[WHAT TO DO]: Keeping every line intact, repeat the data word for word.

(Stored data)

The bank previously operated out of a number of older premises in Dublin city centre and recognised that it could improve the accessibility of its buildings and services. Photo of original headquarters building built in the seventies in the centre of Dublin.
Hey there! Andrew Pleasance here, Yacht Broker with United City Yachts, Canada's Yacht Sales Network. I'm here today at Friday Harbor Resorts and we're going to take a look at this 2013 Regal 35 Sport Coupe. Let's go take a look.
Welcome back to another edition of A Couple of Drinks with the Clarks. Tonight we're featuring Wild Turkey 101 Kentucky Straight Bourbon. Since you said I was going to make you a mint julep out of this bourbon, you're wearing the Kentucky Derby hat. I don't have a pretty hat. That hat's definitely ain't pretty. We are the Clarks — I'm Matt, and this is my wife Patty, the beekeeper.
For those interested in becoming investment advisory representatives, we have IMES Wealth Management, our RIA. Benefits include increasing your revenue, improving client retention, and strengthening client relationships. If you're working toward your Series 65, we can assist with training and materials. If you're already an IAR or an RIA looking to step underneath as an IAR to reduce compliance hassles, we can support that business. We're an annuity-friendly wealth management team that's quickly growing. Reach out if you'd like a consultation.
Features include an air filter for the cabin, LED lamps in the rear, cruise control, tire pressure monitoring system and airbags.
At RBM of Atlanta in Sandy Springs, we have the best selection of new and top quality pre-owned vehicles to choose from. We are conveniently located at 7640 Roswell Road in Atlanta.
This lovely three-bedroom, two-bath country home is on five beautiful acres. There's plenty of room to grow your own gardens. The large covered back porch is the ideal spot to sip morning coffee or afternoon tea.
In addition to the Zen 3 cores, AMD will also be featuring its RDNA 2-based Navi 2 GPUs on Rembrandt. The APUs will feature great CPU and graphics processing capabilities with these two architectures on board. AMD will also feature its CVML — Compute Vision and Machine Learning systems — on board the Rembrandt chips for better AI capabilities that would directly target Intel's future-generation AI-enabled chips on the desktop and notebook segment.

[WRITTEN ANSWER]:
The bank previously operated out of a number of older premises in Dublin city centre and recognised that it could improve the accessibility of its buildings and services. Photo of original headquarters building built in the seventies in the centre of Dublin.
Hey there! Andrew Pleasance here, Yacht Broker with United City Yachts, Canada's Yacht Sales Network. I'm here today at Friday Harbor Resorts and we're going to take a look at this 2013 Regal 35 Sport Coupe. Let's go take a look.
Welcome back to another edition of A Couple of Drinks with the Clarks. Tonight we're featuring Wild Turkey 101 Kentucky Straight Bourbon. Since you said I was going to make you a mint julep out of this bourbon, you're wearing the Kentucky Derby hat. I don't have a pretty hat. That hat's definitely ain't pretty. We are the Clarks — I'm Matt, and this is my wife Patty, the beekeeper.
For those interested in becoming investment advisory representatives, we have IMES Wealth Management, our RIA. Benefits include increasing your revenue, improving client retention, and strengthening client relationships. If you're working toward your Series 65, we can assist with training and materials. If you're already an IAR or an RIA looking to step underneath as an IAR to reduce compliance hassles, we can support that business. We're an annuity-friendly wealth management team that's quickly growing. Reach out if you'd like a consultation.
Features include an air filter for the cabin, LED lamps in the rear, cruise control, tire pressure monitoring system and airbags.
At RBM of Atlanta in Sandy Springs, we have the best selection of new and top quality pre-owned vehicles to choose from. We are conveniently located at 7640 Roswell Road in Atlanta.
This lovely three-bedroom, two-bath country home is on five beautiful acres. There's plenty of room to grow your own gardens. The large covered back porch is the ideal spot to sip morning coffee or afternoon tea.
In addition to the Zen 3 cores, AMD will also be featuring its RDNA 2-based Navi 2 GPUs on Rembrandt. The APUs will feature great CPU and graphics processing capabilities with these two architectures on board. AMD will also feature its CVML — Compute Vision and Machine Learning systems — on board the Rembrandt chips for better AI capabilities that would directly target Intel's future-generation AI-enabled chips on the desktop and notebook segment.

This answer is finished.